Data block>
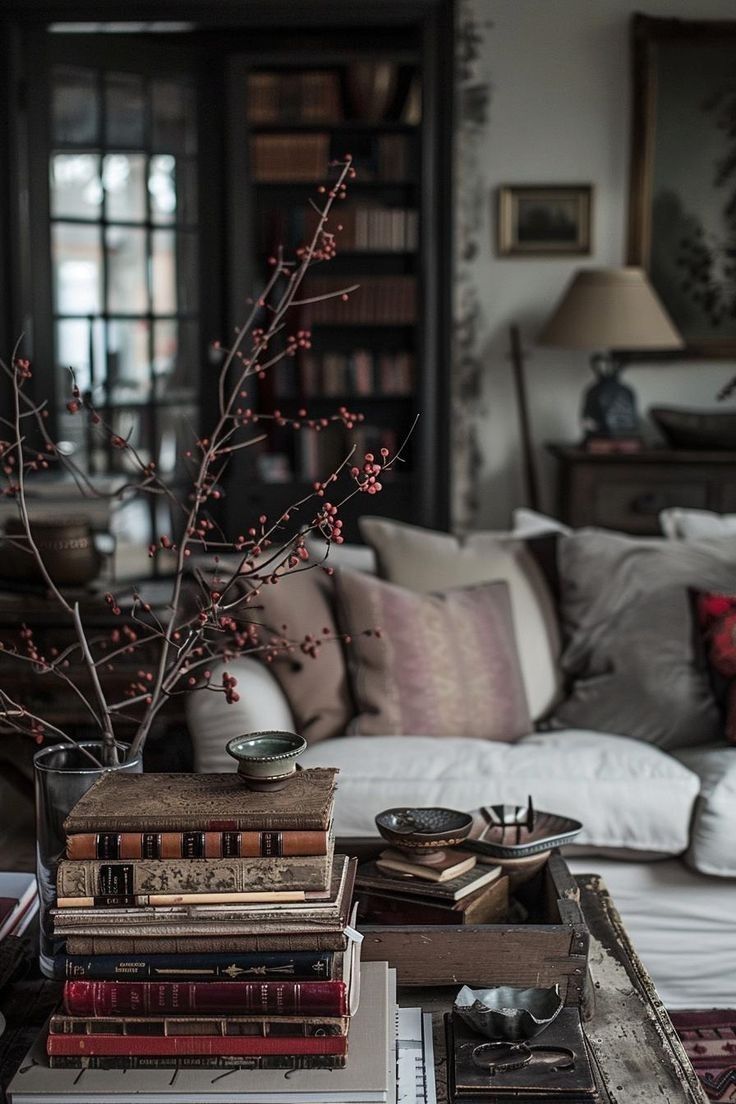 A dimly lit living room with a dark, moody aesthetic. A stack of old, worn books with colorful spines sits on a weathered wooden table in the foreground. A clear glass vase with bare branches and small red berries is placed among the books. A white sofa with assorted pillows in neutral and muted tones is partially visible in the background. A dark bookcase filled with books is seen through a multi-paned glass door behind the sofa. A vintage lamp with a fabric shade sits on a side table to the right. A small framed artwork hangs on the patterned wallpaper behind the sofa.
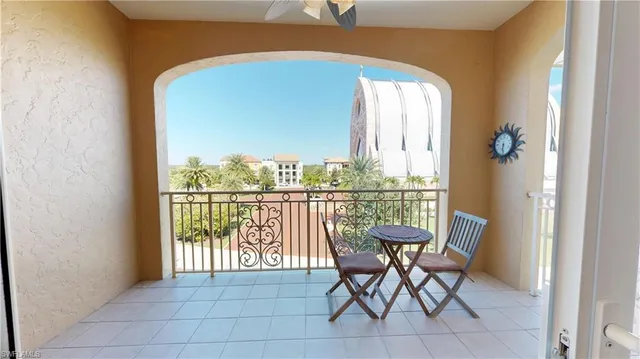 a view of a chairs and table in a balcony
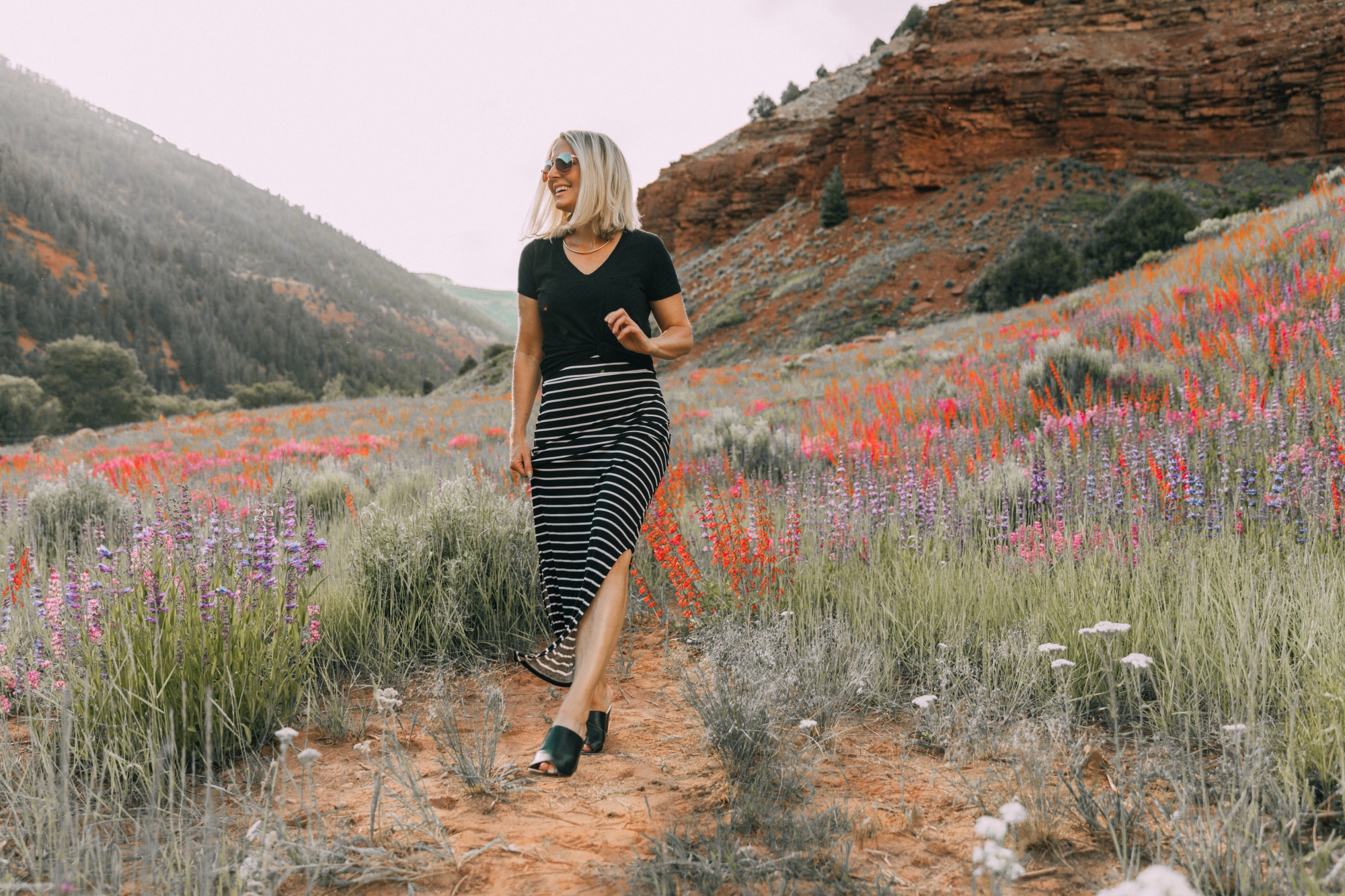 Ways To Wear Stripes, Fashion blogger Erin Busbee of BusbeeStyle.com wearing a striped maxi skirt and black tee from JCPenney with black peep toe mules by Liz Claiborne in the wildflowers in Telluride, CO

Activity> Leaving the pictures out, copy exactly the lines from the line that contains "a view of a chairs and table in a balcony" to the last line of the data, both ends included.

Solution for this task>
 a view of a chairs and table in a balcony
 Ways To Wear Stripes, Fashion blogger Erin Busbee of BusbeeStyle.com wearing a striped maxi skirt and black tee from JCPenney with black peep toe mules by Liz Claiborne in the wildflowers in Telluride, CO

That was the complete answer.